• TO DO: Only an exact repeat of the listing, without its images, counts as the answer.

• INPUT DATA:
------------------------------------------------

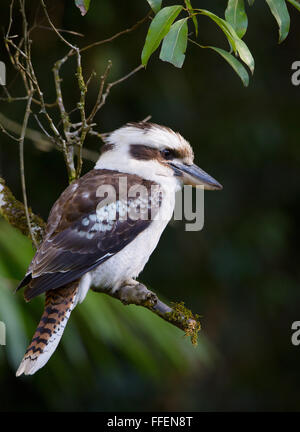 Laughing Kookaburra Dacelo novaeguineae), (Dernier verre National Park, NSW, Australie Banque D'Images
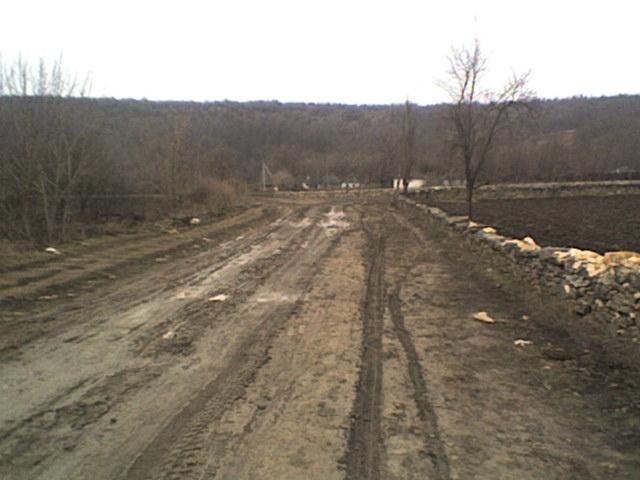РІДНЕ СЕЛО - Bolgan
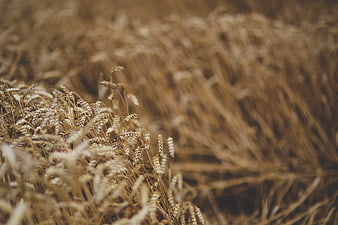 Golden wheat field close-up with shallow depth of field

------------------------------------------------

• RESPONSE TO THIS TASK:
 Laughing Kookaburra Dacelo novaeguineae), (Dernier verre National Park, NSW, Australie Banque D'Images
РІДНЕ СЕЛО - Bolgan
 Golden wheat field close-up with shallow depth of field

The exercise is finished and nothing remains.